4 - I will change the test. After this fix I'll also change other tests in the same file that similarly check for the same text on X32 and X64.

About supporting i32 besides f32:

I can simply do the transform for MVT::v4i32 too, but it will not optimize as much as the current one does for f32.
It will optimize some cases but, for example, we might still get movsd+insertps when insertps should suffice.

To fix this problem, we add a bunch of new ones:

I don't know that much about the backend, but there doesn't seem to be a way to do it without creating a new SDNode type for INSERTPS (I don't know what it would be called, since INSERTPS is already used). (
I can't find a way to have, on the type profile, an OR condition, which would allow us to define X86insertps as getting a f32 or i32 from memory.
Without this, the pattern we generate in won't match due to its types (even if we define a whole new multiclass for the i32 case).

I think the best course of action would be to:

  • Add some more tests, for the i32 cases (and collapse the tests to a common check-prefix);
  • Do the transform on both i32 and f32, for now, even if the generated instructions aren't perfect;
  • Later figure out how to better express the insertps for i32 in the backed (either with a new instruction, or a simpler one-time hack for this one).

What do you think?


Just a small addition that I will investigate tomorrow:
The whole “get an i32 from memory into an xmm element” gets much easier if my transform emits a pinsrd for that case.

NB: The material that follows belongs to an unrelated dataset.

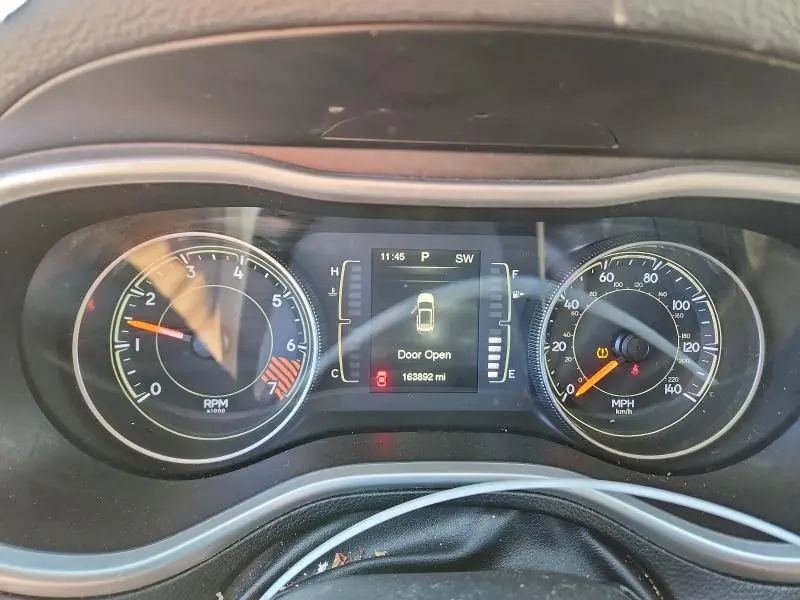 2015 JEEP CHEROKEE SPORT  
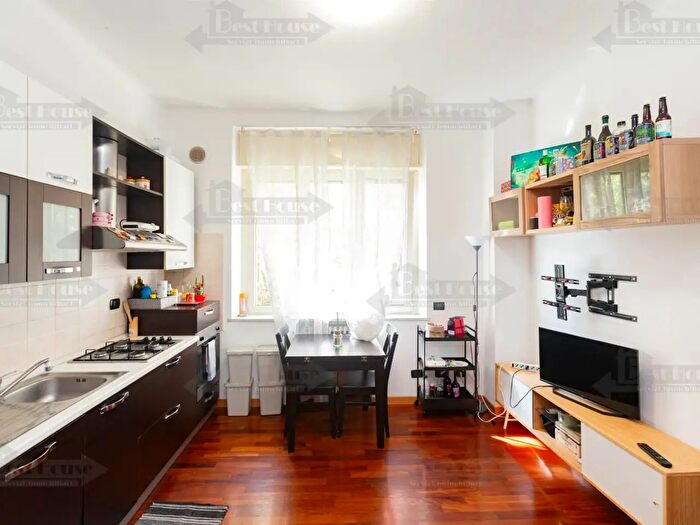 Appartamento bilocale in vendita in Via Smareglia, Milano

I will change it to use pinsrd (for the i32 from mem case) tomorrow.

filcab updated this revision to Diff 8858.Apr 25 2014, 4:30 PM
filcab edited edge metadata.

Added the optimization for v4i32 (but we emit pinsrd instead of insertps when loading from memory).
Addresses the concerns in the review, except for the load minimization, due to discussion on IRC, existing optimizations that reduce load sizes, and lack of response to my question.

andreadb accepted this revision.Apr 25 2014, 4:51 PM
andreadb edited edge metadata.
This revision is now accepted and ready to land.Apr 25 2014, 4:51 PM
filcab closed this revision.Apr 25 2014, 7:09 PM